** Input data **
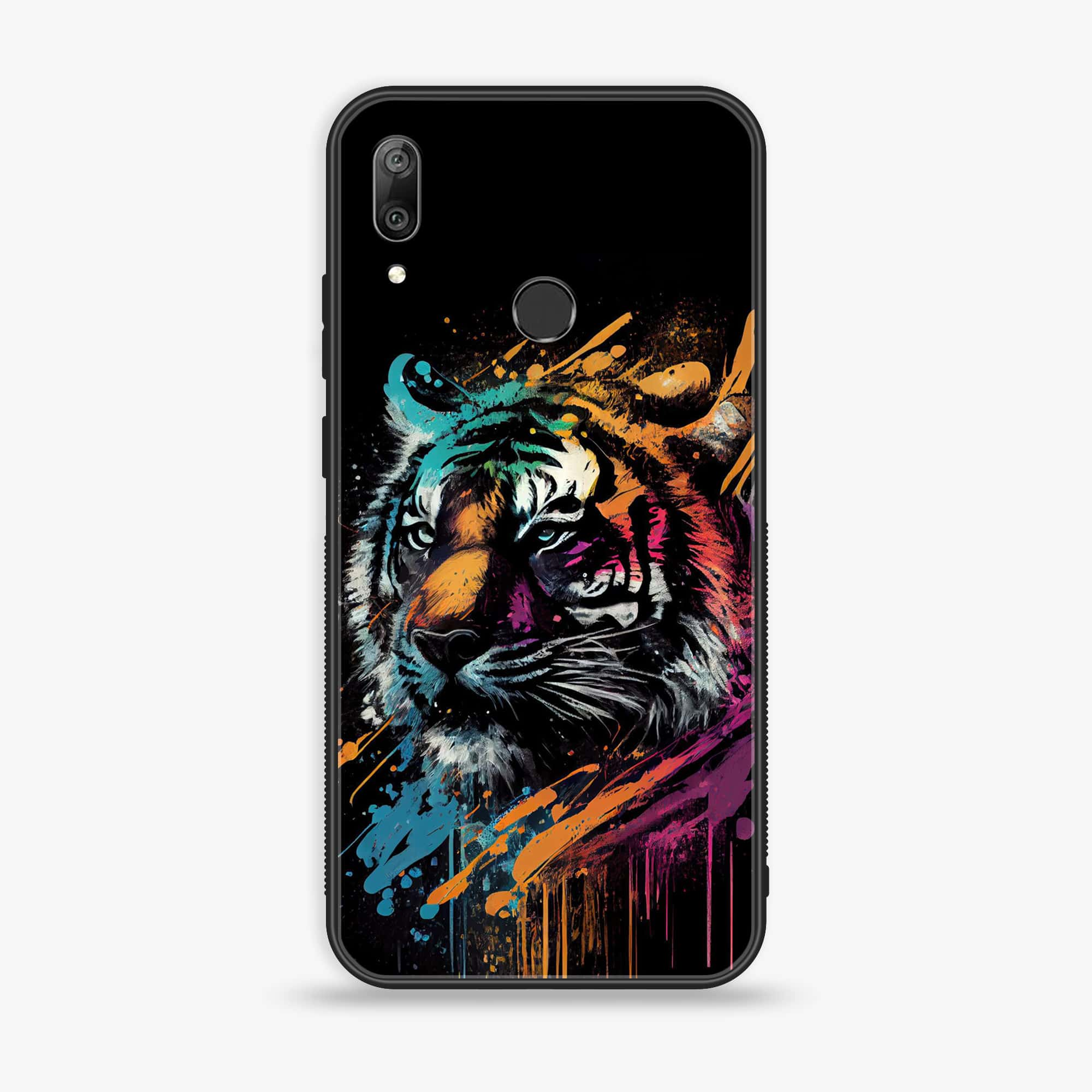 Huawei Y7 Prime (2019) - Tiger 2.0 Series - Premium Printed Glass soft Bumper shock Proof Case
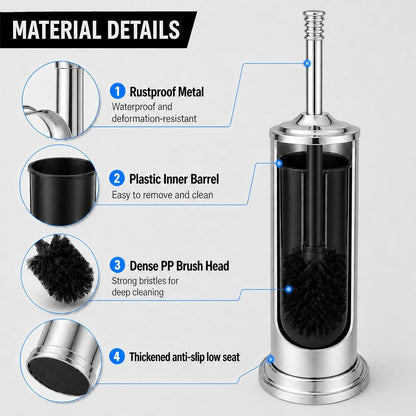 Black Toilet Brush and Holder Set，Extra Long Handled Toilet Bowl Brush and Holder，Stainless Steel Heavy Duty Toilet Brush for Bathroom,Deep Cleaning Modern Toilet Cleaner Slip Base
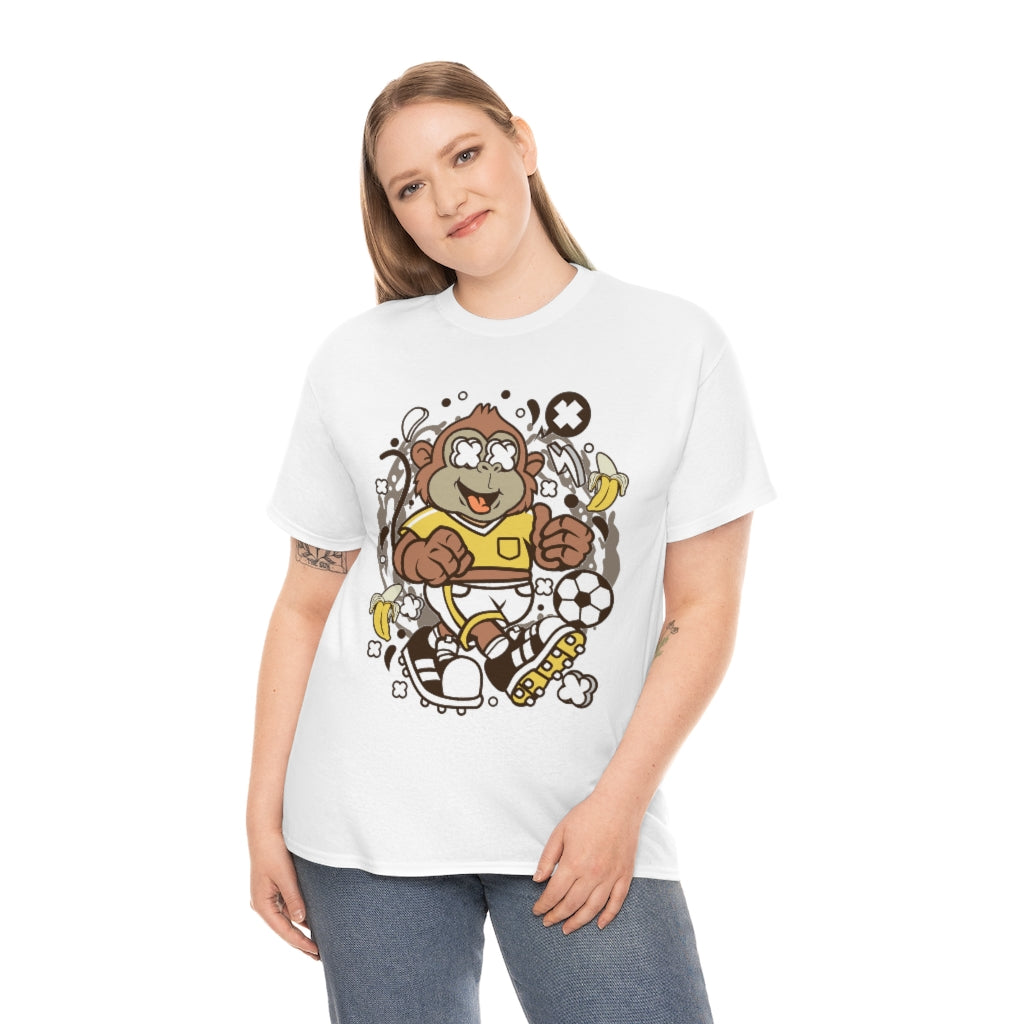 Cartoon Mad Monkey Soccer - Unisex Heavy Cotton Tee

** Activity **
Instruction for this listing: copy it exactly, but leave the images behind.

** Problem solution **
 Huawei Y7 Prime (2019) - Tiger 2.0 Series - Premium Printed Glass soft Bumper shock Proof Case
 Black Toilet Brush and Holder Set，Extra Long Handled Toilet Bowl Brush and Holder，Stainless Steel Heavy Duty Toilet Brush for Bathroom,Deep Cleaning Modern Toilet Cleaner Slip Base
 Cartoon Mad Monkey Soccer - Unisex Heavy Cotton Tee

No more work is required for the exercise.